TASK GOAL
The full listing, exactly as written and with no images, is the expected output.

INFORMATION SHOWN

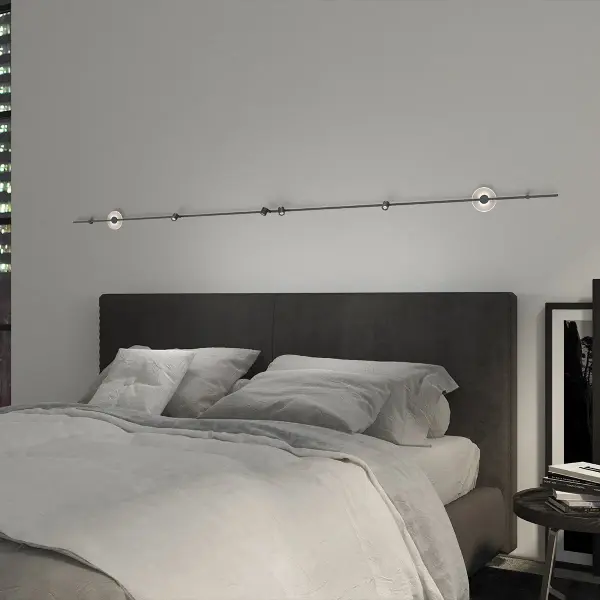 This 72-inch linear wall-mounted system combines ambient Mezzaluna luminaires with adjustable task cylinders, perfect for bedside applications requiring both general and reading light in one elegant fixture.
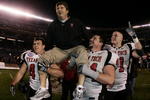 SAN DIEGO - DECEMBER 30:  Head Coach Mike Leach of the Texas Tech Red Raiders gets carried off the field after his team's 45-31 win over the California Golden Bears during the Pacific Life Holiday Bowl at Qualcomm Stadium December 30, 2004 in San Diego, California.  (Photo by Donald Miralle/Getty Images)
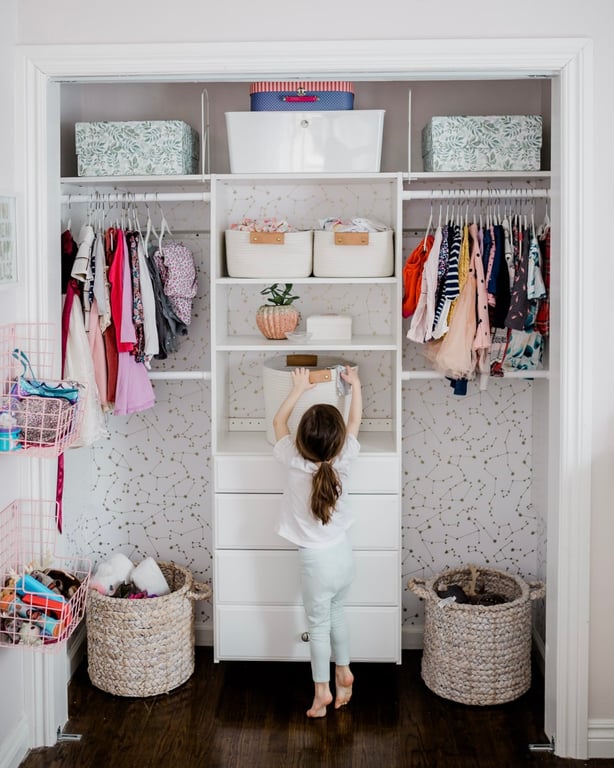 Maximized vertical storage with double-hang rods and adjustable shelving.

EXERCISE RESPONSE
 This 72-inch linear wall-mounted system combines ambient Mezzaluna luminaires with adjustable task cylinders, perfect for bedside applications requiring both general and reading light in one elegant fixture.
 SAN DIEGO - DECEMBER 30:  Head Coach Mike Leach of the Texas Tech Red Raiders gets carried off the field after his team's 45-31 win over the California Golden Bears during the Pacific Life Holiday Bowl at Qualcomm Stadium December 30, 2004 in San Diego, California.  (Photo by Donald Miralle/Getty Images)
 Maximized vertical storage with double-hang rods and adjustable shelving.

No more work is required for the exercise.